- Records shown:

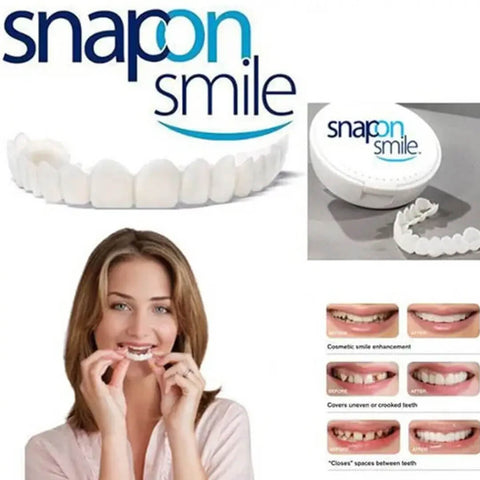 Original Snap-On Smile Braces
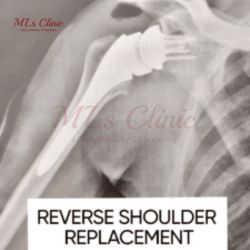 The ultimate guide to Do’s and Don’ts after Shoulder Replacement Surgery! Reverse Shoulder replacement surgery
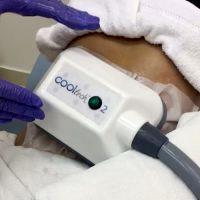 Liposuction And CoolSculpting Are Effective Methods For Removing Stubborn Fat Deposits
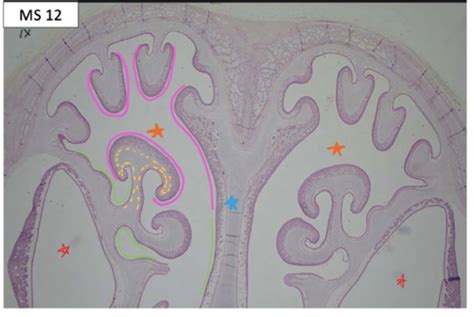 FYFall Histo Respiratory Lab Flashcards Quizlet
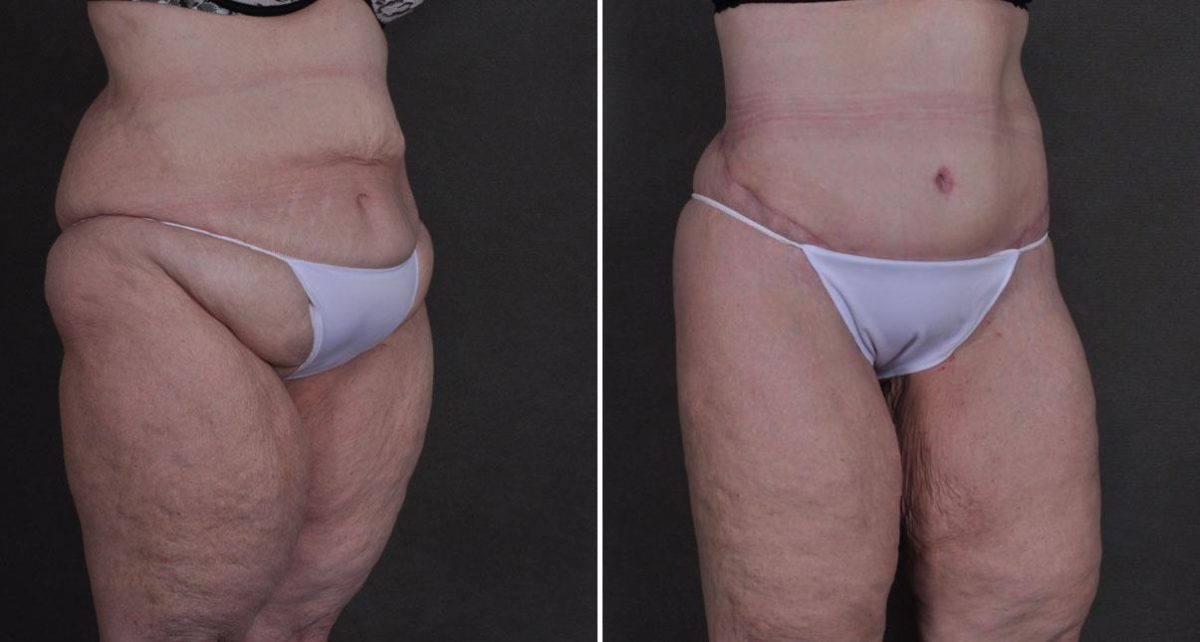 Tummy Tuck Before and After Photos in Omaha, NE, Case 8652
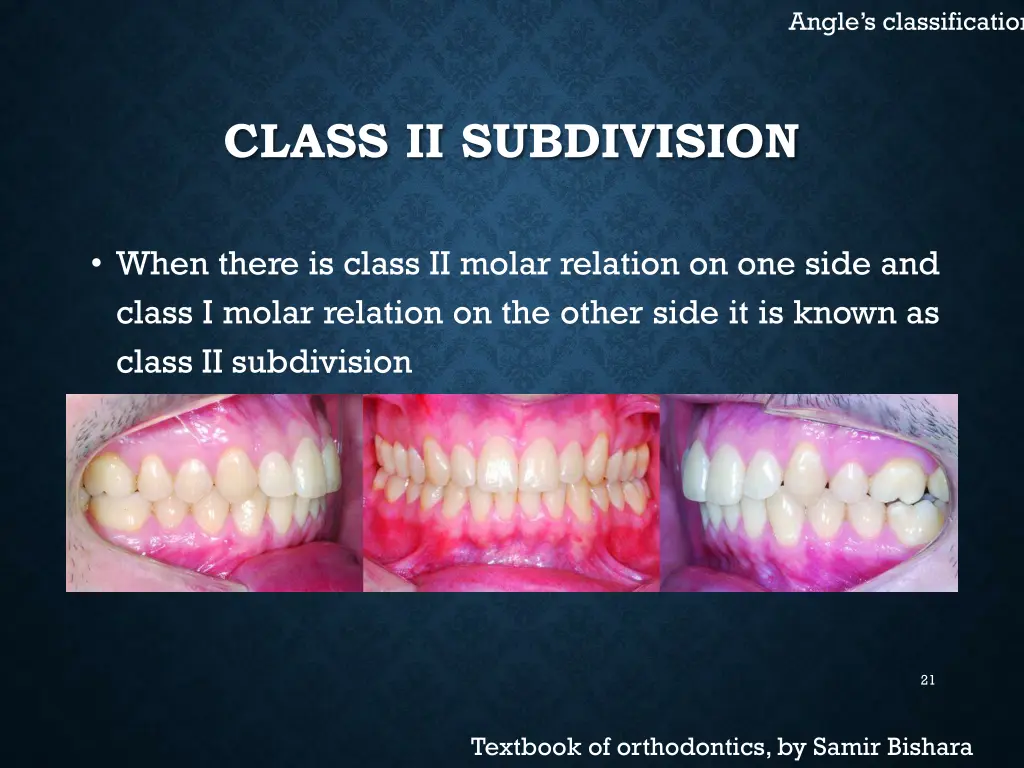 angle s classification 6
--
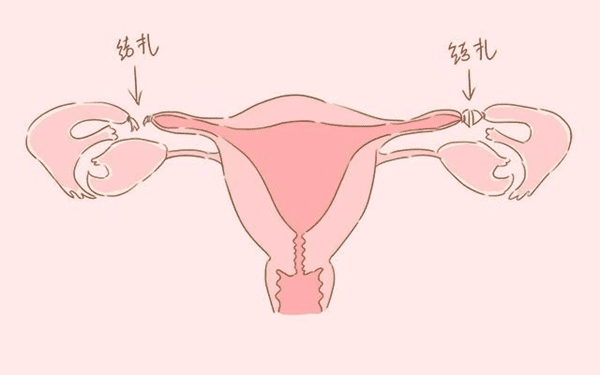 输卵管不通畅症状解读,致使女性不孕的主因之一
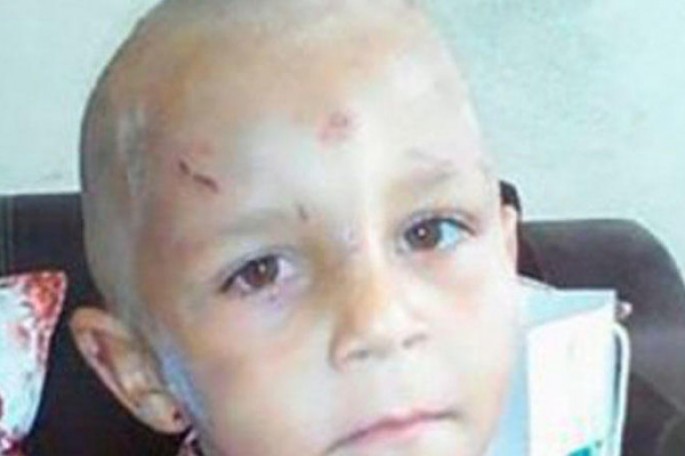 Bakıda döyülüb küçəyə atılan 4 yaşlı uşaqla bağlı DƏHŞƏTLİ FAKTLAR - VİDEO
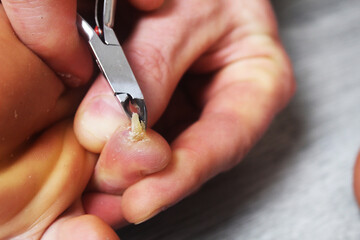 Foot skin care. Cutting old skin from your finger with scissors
==
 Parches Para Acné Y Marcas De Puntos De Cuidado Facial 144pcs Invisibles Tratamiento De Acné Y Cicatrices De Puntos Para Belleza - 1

- What the exercise asks: Return exactly the lines that appear in the data above between the line containing "Original Snap-On Smile Braces" and the line containing "angle s classification 6", both of which are included, and leave the pictures out.

- Solution to this exercise:
 Original Snap-On Smile Braces
 The ultimate guide to Do’s and Don’ts after Shoulder Replacement Surgery! Reverse Shoulder replacement surgery
 Liposuction And CoolSculpting Are Effective Methods For Removing Stubborn Fat Deposits
 FYFall Histo Respiratory Lab Flashcards Quizlet
 Tummy Tuck Before and After Photos in Omaha, NE, Case 8652
 angle s classification 6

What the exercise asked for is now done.